Descriptions, Reviews, Etc.
Publisher Description:

Beauty pageants are wildly popular in the U.S. Virgin Islands, outnumbering any other single performance event and capturing the attention of the local people from toddlers to seniors. Local beauty contests provide women opportunities to demonstrate talent, style, the values of black womanhood, and the territory's social mores.

Queen of the Virgins: Pageantry and Black Womanhood in the Caribbean is a comprehensive look at the centuries-old tradition of these expressions in the Virgin Islands. M. Cynthia Oliver maps the trajectory of pageantry from its colonial precursors at tea meetings, dance dramas, and street festival parades to its current incarnation as the beauty pageant or "queen show." For the author, pageantry becomes a lens through which to view the region's understanding of gender, race, sexuality, class, and colonial power.

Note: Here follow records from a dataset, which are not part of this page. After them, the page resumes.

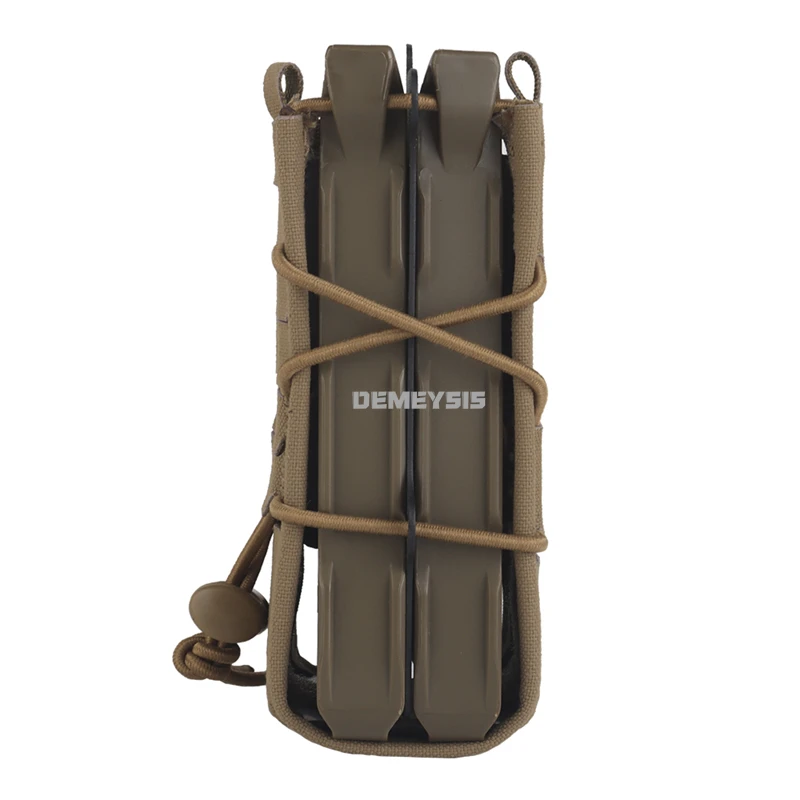 Bolsa táctica doble portarevistas cintura extracción rápida Airsoft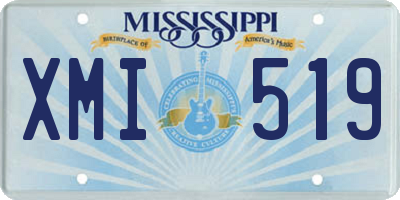 MS license plate XMI519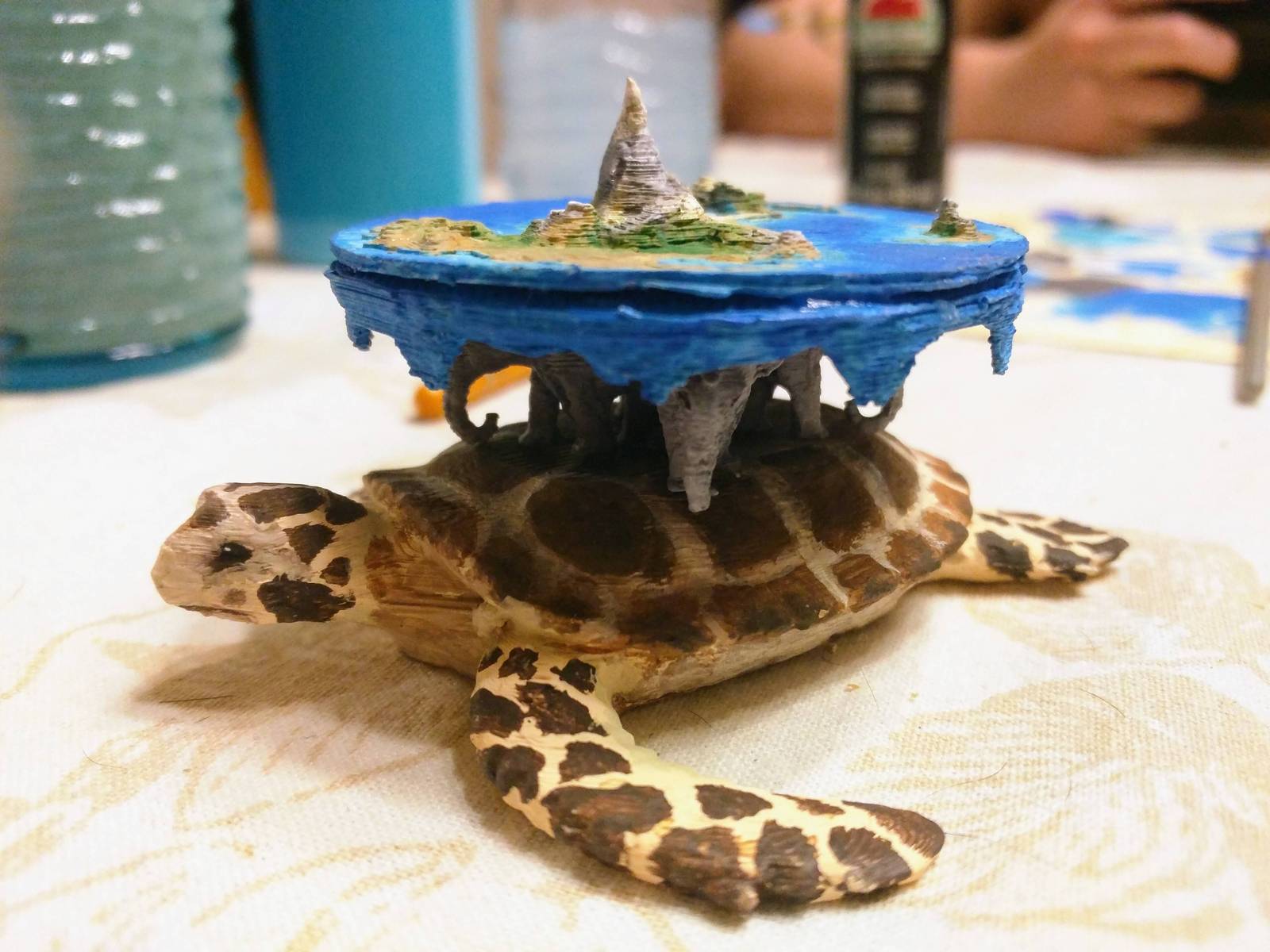 Great A'Tuin 3D printed - The photo, Turtle, Flat world, 3D печать, Reddit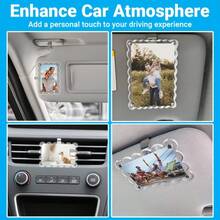 1pc Universal Magnetic Photo Clip, Suitable For Car Sun Visor, Strong Magnetic Display For Memorable Photos, Very Practical - 1pc Wave Photo Folder - View 3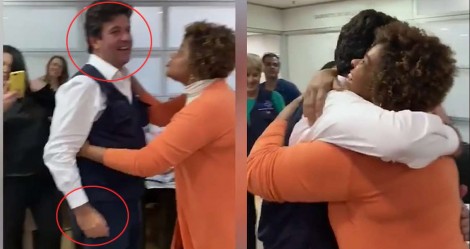 Tá Liberado, aperto de mão, abraço, aglomeração, beijo e cantoria. E abrir os comércios para trabalhar? NÃO! (Veja o Vídeo)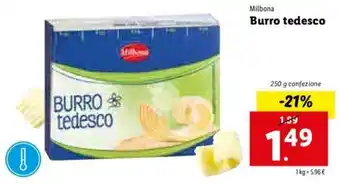 Lidl Burro tedesco 250g offerta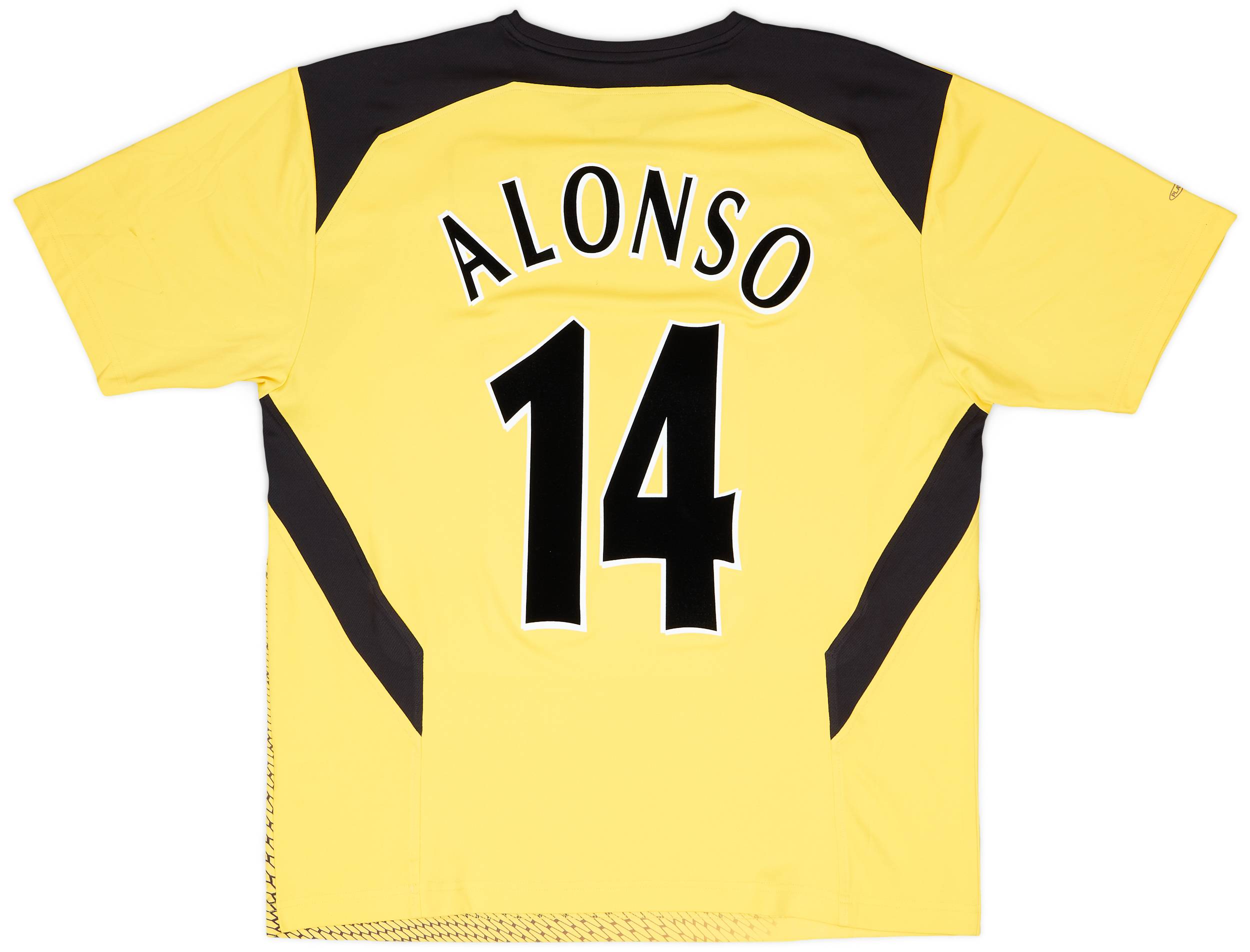 2004-06 Liverpool Away Shirt Alonso #14 - 8/10 - (L)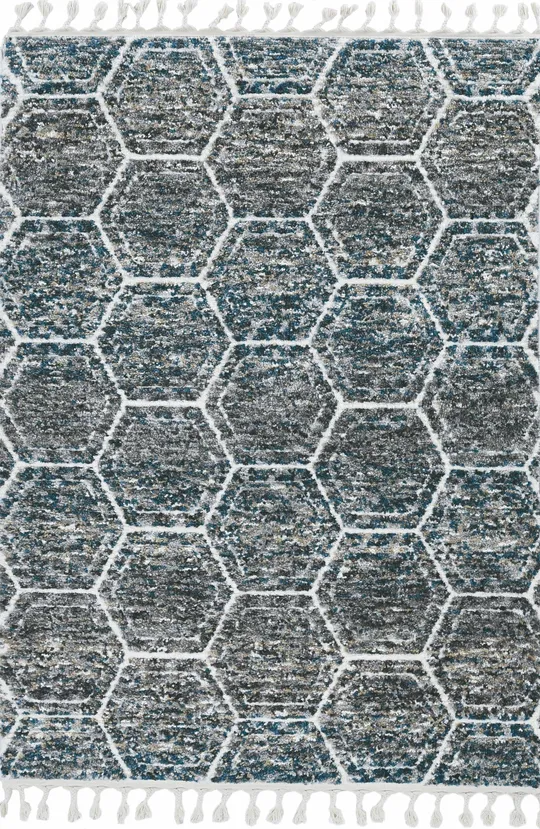 Kas Bungalow 2303 Grey/Teal Dimensions Area Rug 3&3x22 x 4&11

Focusing on the queen show, Oliver reveals its twin roots in slave celebrations that parodied white colonial behavior and created creole royal rituals and celebrations heavily influenced by Africanist aesthetics. Using the U.S. Virgin Islands as an intriguing case study, Oliver shows how the pageant continues to reflect, reinforce, and challenge Caribbean cultural values concerning femininity. Queen of the Virgins examines the journey of the black woman from degraded body to vaunted queen and how this progression is marked by social unrest, growing middle-class sensibilities, and contemporary sexual and gender politics.


Contributor Bio(s): Oliver, M. Cynthia: - M. Cynthia Oliver is an associate professor of dance at the University of Illinois, Urbana-Champaign. She is also an award-winning choreographer whose dances focus on women, Caribbean culture, and mythology. Her work has appeared in Women and Performance, Movement Research Journal, and other periodicals.